Purpose. Emergence of multidrug resistance in Neisseria gonorrhoeae, an STI of public health significance is the biggest challenge to gonorrhoea control. Monitoring for antimicrobial resistance is essential for the early detection of emergent drug resistance patterns. Methodology. One hundred and twenty four N. gonorrhoeae strains were isolated between September 2013‐August 2016 [82‐New Delhi, 3‐Pune, 3‐Mumbai, 20‐Secunderabad and 16‐Hyderabad] to determine antimicrobial susceptibility and to compare the CLSI disc diffusion method with Etest for these strains. The results of the two methods were compared by using kappa statistics. Results. Ninety eight percent [CI: 96.2‐100] of isolates were resistant to ciprofloxacin, 52 % [CI: 43.2‐60.8] to penicillin, 56 % [CI: 47.2‐64.7] to tetracycline and 5 % [CI: 1.2‐8.8] to azithromycin. All the strains were susceptible to spectinomycin, ceftriaxone and cefixime except for two strains which showed decreased susceptibility to ceftriaxone and cefixime.
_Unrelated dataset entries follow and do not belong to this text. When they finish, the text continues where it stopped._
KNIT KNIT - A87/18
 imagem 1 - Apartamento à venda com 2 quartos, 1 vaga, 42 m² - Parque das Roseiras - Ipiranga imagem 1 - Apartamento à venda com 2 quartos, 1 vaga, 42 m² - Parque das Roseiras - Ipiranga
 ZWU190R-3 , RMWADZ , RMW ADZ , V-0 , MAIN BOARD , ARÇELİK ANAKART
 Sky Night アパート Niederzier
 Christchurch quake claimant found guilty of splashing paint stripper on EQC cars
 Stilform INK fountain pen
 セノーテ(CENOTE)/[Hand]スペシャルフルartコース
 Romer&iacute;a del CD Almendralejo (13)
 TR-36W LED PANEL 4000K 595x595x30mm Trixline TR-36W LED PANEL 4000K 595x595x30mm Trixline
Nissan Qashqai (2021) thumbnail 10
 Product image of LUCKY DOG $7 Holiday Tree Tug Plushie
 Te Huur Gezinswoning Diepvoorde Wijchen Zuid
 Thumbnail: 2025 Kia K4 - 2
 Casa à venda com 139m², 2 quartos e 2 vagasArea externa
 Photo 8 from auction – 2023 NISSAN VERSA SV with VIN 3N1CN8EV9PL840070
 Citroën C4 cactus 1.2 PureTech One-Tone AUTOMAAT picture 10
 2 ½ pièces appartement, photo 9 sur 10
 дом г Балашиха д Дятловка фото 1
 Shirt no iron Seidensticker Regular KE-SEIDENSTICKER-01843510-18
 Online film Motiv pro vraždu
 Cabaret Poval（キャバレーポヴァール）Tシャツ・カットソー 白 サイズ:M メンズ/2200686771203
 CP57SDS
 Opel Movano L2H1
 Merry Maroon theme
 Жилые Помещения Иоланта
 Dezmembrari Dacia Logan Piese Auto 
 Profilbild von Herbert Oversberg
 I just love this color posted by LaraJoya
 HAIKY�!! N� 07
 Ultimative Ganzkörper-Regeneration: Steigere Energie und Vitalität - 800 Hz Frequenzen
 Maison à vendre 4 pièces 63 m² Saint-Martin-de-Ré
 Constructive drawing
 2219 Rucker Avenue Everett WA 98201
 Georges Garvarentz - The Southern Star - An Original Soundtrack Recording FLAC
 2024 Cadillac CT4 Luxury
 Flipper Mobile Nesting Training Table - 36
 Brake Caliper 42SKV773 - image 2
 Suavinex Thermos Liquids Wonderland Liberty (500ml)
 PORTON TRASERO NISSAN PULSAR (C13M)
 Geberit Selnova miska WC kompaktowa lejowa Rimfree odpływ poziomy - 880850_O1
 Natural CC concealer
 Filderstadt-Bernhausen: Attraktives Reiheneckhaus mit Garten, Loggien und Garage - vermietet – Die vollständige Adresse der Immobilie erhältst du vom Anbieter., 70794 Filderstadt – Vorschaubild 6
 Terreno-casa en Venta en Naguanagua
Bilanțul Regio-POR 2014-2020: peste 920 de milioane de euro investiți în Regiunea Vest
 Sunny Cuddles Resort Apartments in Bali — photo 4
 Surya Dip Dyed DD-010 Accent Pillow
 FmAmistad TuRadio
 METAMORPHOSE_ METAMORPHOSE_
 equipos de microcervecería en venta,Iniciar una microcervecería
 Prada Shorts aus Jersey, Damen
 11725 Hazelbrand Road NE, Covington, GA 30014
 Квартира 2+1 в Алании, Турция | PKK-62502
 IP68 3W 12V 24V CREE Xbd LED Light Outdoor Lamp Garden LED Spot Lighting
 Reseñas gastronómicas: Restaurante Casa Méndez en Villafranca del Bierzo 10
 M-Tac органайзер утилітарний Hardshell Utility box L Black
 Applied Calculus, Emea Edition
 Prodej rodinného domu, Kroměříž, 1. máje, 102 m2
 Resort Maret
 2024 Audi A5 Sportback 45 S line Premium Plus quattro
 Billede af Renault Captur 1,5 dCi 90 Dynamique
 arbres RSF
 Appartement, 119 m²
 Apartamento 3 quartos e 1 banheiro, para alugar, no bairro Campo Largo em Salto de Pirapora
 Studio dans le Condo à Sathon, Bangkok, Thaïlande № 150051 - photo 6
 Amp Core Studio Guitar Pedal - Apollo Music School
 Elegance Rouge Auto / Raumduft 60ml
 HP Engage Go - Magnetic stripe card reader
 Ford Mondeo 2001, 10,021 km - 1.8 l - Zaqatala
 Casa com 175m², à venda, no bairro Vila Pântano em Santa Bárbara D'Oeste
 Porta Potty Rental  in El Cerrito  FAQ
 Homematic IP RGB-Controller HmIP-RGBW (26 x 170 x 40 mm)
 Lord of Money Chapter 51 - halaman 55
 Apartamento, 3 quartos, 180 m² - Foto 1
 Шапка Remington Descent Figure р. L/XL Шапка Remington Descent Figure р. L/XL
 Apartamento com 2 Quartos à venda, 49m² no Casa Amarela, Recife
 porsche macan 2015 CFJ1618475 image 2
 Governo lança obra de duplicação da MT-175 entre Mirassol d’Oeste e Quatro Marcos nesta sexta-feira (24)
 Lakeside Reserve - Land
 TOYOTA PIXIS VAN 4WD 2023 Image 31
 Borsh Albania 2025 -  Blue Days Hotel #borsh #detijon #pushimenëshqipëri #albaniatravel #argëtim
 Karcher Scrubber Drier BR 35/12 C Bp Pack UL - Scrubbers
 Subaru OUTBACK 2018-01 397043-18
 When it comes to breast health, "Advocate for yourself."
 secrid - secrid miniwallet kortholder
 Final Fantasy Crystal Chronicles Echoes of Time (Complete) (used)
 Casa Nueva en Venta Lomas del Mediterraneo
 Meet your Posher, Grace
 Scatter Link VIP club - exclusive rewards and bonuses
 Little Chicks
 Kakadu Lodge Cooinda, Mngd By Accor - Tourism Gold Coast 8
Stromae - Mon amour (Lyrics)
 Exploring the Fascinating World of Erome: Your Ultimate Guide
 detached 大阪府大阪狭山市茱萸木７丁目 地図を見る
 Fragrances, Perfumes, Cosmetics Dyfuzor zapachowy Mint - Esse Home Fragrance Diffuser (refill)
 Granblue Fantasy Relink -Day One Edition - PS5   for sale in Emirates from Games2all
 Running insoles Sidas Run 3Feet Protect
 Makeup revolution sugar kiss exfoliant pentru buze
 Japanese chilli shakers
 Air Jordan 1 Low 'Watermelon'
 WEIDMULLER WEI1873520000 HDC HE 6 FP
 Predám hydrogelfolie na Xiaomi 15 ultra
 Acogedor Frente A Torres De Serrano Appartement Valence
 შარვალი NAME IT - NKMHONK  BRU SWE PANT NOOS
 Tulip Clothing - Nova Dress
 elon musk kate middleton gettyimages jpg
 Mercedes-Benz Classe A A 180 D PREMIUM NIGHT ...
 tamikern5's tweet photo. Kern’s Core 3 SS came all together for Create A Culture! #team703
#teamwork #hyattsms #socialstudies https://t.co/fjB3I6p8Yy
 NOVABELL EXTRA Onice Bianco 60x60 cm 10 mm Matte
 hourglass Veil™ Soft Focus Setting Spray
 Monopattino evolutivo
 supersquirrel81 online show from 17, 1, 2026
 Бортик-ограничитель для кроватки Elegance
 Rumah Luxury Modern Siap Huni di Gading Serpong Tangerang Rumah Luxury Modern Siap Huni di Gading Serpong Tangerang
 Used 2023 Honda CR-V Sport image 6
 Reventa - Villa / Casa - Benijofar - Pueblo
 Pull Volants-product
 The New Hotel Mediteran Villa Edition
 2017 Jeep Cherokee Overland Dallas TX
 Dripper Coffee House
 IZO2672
Kappa scores for penicillin, azithromycin, ciprofloxacin, ceftriaxone and cefixime showed that the CLSI method had high agreement with Etest while tetracycline had substantial agreement. Conclusion. Our data suggest that the disc diffusion method which is both cost effective and more feasible, can effectively be used routinely for monitoring antibiotic susceptibility in N. gonorrhoeae, in limited resource countries like India. We demonstrate the emergence of decreased susceptibility to ceftriaxone and cefixime and threshold levels of resistance to azithromycin in India. This underscores the importance of maintaining continued surveillance for antibiotic resistance in N. gonorrhoeae and a potential requirement for strategic change in guidelines in the not so distant future.